__Extracted entries__.

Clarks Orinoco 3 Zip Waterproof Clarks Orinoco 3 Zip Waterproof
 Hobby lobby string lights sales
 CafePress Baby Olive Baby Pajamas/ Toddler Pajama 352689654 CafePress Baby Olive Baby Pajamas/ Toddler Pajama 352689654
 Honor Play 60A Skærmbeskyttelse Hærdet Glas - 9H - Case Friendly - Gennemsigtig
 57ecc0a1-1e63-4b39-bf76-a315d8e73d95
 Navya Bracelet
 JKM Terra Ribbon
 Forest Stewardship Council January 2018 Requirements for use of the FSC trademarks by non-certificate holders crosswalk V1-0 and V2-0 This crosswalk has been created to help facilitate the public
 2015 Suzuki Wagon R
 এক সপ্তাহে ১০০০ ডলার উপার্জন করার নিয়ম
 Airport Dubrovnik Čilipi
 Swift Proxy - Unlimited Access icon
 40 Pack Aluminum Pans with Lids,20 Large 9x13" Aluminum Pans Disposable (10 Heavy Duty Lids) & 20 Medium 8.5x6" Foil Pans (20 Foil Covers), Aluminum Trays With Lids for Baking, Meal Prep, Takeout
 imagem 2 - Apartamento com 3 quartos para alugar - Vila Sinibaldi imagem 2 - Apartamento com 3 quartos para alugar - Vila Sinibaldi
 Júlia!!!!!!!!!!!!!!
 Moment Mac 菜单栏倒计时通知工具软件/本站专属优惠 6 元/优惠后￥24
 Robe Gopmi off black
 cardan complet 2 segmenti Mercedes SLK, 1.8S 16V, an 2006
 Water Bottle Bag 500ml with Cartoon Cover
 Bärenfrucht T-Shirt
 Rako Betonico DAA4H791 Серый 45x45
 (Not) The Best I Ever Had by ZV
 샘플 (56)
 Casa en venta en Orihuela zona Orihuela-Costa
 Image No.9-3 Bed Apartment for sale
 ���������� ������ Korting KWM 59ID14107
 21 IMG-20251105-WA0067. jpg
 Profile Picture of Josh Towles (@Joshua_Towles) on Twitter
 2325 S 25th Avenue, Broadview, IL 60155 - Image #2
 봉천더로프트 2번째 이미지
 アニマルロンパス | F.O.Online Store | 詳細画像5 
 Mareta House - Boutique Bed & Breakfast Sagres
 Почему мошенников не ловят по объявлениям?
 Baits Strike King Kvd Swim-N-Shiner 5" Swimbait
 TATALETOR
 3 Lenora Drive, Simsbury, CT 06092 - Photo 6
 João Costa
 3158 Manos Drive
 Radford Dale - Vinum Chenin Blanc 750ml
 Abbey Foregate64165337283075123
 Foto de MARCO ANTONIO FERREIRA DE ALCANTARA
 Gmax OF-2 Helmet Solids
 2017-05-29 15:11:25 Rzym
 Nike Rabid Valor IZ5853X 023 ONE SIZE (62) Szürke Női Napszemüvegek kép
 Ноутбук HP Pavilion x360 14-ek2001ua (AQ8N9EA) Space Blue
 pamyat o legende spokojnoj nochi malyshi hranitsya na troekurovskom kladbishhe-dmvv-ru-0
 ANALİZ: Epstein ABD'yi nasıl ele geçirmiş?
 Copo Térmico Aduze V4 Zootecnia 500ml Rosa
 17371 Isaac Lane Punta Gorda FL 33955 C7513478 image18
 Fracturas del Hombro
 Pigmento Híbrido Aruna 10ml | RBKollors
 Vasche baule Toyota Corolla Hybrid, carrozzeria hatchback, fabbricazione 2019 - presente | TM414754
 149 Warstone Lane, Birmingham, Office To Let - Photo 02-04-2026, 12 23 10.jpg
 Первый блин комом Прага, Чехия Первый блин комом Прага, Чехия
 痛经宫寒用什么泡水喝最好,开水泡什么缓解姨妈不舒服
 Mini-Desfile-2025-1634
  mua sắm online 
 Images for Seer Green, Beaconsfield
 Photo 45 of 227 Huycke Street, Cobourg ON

__Task objective__. Each record must be reproduced exactly. Keep every one.

__Answer to this exercise__.
Clarks Orinoco 3 Zip Waterproof Clarks Orinoco 3 Zip Waterproof
 Hobby lobby string lights sales
 CafePress Baby Olive Baby Pajamas/ Toddler Pajama 352689654 CafePress Baby Olive Baby Pajamas/ Toddler Pajama 352689654
 Honor Play 60A Skærmbeskyttelse Hærdet Glas - 9H - Case Friendly - Gennemsigtig
 57ecc0a1-1e63-4b39-bf76-a315d8e73d95
 Navya Bracelet
 JKM Terra Ribbon
 Forest Stewardship Council January 2018 Requirements for use of the FSC trademarks by non-certificate holders crosswalk V1-0 and V2-0 This crosswalk has been created to help facilitate the public
 2015 Suzuki Wagon R
 এক সপ্তাহে ১০০০ ডলার উপার্জন করার নিয়ম
 Airport Dubrovnik Čilipi
 Swift Proxy - Unlimited Access icon
 40 Pack Aluminum Pans with Lids,20 Large 9x13" Aluminum Pans Disposable (10 Heavy Duty Lids) & 20 Medium 8.5x6" Foil Pans (20 Foil Covers), Aluminum Trays With Lids for Baking, Meal Prep, Takeout
 imagem 2 - Apartamento com 3 quartos para alugar - Vila Sinibaldi imagem 2 - Apartamento com 3 quartos para alugar - Vila Sinibaldi
 Júlia!!!!!!!!!!!!!!
 Moment Mac 菜单栏倒计时通知工具软件/本站专属优惠 6 元/优惠后￥24
 Robe Gopmi off black
 cardan complet 2 segmenti Mercedes SLK, 1.8S 16V, an 2006
 Water Bottle Bag 500ml with Cartoon Cover
 Bärenfrucht T-Shirt
 Rako Betonico DAA4H791 Серый 45x45
 (Not) The Best I Ever Had by ZV
 샘플 (56)
 Casa en venta en Orihuela zona Orihuela-Costa
 Image No.9-3 Bed Apartment for sale
 ���������� ������ Korting KWM 59ID14107
 21 IMG-20251105-WA0067. jpg
 Profile Picture of Josh Towles (@Joshua_Towles) on Twitter
 2325 S 25th Avenue, Broadview, IL 60155 - Image #2
 봉천더로프트 2번째 이미지
 アニマルロンパス | F.O.Online Store | 詳細画像5 
 Mareta House - Boutique Bed & Breakfast Sagres
 Почему мошенников не ловят по объявлениям?
 Baits Strike King Kvd Swim-N-Shiner 5" Swimbait
 TATALETOR
 3 Lenora Drive, Simsbury, CT 06092 - Photo 6
 João Costa
 3158 Manos Drive
 Radford Dale - Vinum Chenin Blanc 750ml
 Abbey Foregate64165337283075123
 Foto de MARCO ANTONIO FERREIRA DE ALCANTARA
 Gmax OF-2 Helmet Solids
 2017-05-29 15:11:25 Rzym
 Nike Rabid Valor IZ5853X 023 ONE SIZE (62) Szürke Női Napszemüvegek kép
 Ноутбук HP Pavilion x360 14-ek2001ua (AQ8N9EA) Space Blue
 pamyat o legende spokojnoj nochi malyshi hranitsya na troekurovskom kladbishhe-dmvv-ru-0
 ANALİZ: Epstein ABD'yi nasıl ele geçirmiş?
 Copo Térmico Aduze V4 Zootecnia 500ml Rosa
 17371 Isaac Lane Punta Gorda FL 33955 C7513478 image18
 Fracturas del Hombro
 Pigmento Híbrido Aruna 10ml | RBKollors
 Vasche baule Toyota Corolla Hybrid, carrozzeria hatchback, fabbricazione 2019 - presente | TM414754
 149 Warstone Lane, Birmingham, Office To Let - Photo 02-04-2026, 12 23 10.jpg
 Первый блин комом Прага, Чехия Первый блин комом Прага, Чехия
 痛经宫寒用什么泡水喝最好,开水泡什么缓解姨妈不舒服
 Mini-Desfile-2025-1634
  mua sắm online 
 Images for Seer Green, Beaconsfield
 Photo 45 of 227 Huycke Street, Cobourg ON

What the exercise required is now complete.